Hay espacio también para las actividades emprendedoras locales, observa Toya Maldonado de Espinosa, propietaria de Tierra Magna, empresa colombiana de guías y de logística turísticas. Después de entrevistar a los pasajeros de diversos navíos, Maldonado constató que hay varios temas recurrentes —por ejemplo, a la parte histórica de la ciudad le faltan cosas básicas como placas de señalización, baños y guías de viaje. "Constatamos que las personas que llegaban en los navíos visitaban las murallas y el fuerte, pero no recibían información alguna sobre la historia de esos lugares", dice Maldonado. Como resultado de las investigaciones, la empresa invirtió US$ 150.000 en la producción de guías de audio en cinco idiomas, que se pueden alquilar en los hoteles. Es una forma de ayudar a llenar el vacío, dice, "pero el sector privado no puede hacerlo todo solo".

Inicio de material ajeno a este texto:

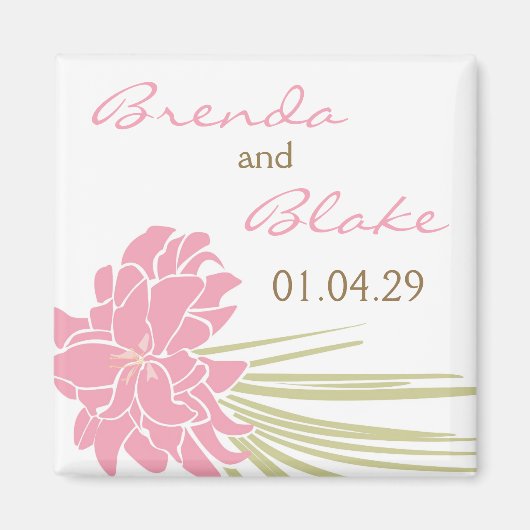 Sla de datum of huwelijksmagneet op magneet (Voorkant)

Sierra, de la Universidad de Cartagena, añade que la ciudad necesita un plan de acción de mayor tamaño para que el turismo pueda lidiar con las cuestiones que Maldonado ha encontrado en sus investigaciones, sin olvidar también la cuestión de los vendedores ambulantes, del tratamiento de alcantarillado y de la educación de la comunidad sobre los beneficios del turismo. "El plan definiría la visión de lo que deseamos ofrecer a los turistas y de qué manera sería posible obtenerlo", dice Sierra. "Ahora que hemos conseguido atraer tantos visitantes, lo mejor es cuidar bien de ellos".